- [EXTRACTED RECORDS]:
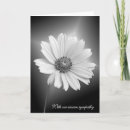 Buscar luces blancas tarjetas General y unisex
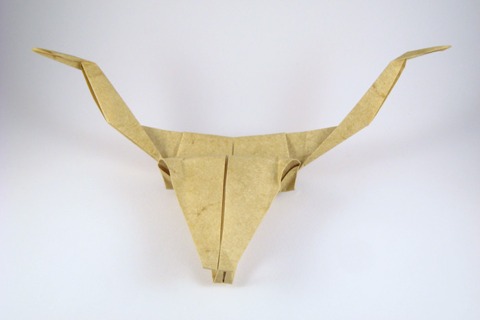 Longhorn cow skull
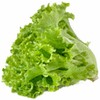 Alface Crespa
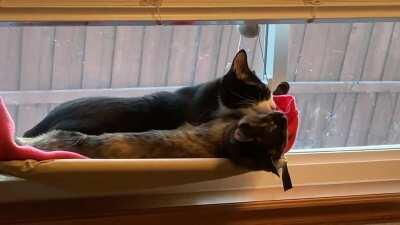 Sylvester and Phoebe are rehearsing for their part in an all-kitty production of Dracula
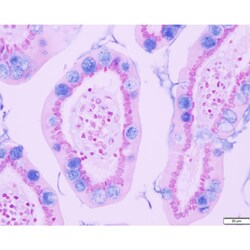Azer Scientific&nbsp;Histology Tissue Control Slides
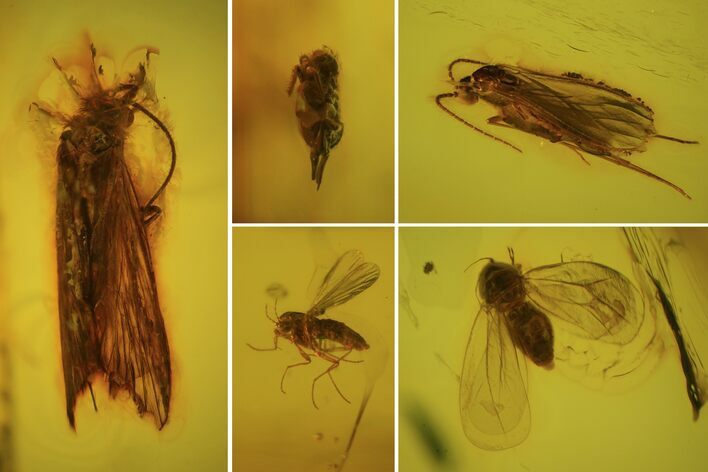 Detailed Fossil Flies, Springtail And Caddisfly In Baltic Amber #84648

* * *

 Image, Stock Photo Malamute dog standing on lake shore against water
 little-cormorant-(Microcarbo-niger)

- [WHAT IS BEING ASKED]: In the data above, start at the line holding "Buscar luces blancas" and stop after the line holding "Detailed Fossil Flies, Springtail"; write out those lines exactly, without pictures.

- [ANSWER SPACE]:
 Buscar luces blancas tarjetas General y unisex
 Longhorn cow skull
 Alface Crespa
 Sylvester and Phoebe are rehearsing for their part in an all-kitty production of Dracula
Azer Scientific&nbsp;Histology Tissue Control Slides
 Detailed Fossil Flies, Springtail And Caddisfly In Baltic Amber #84648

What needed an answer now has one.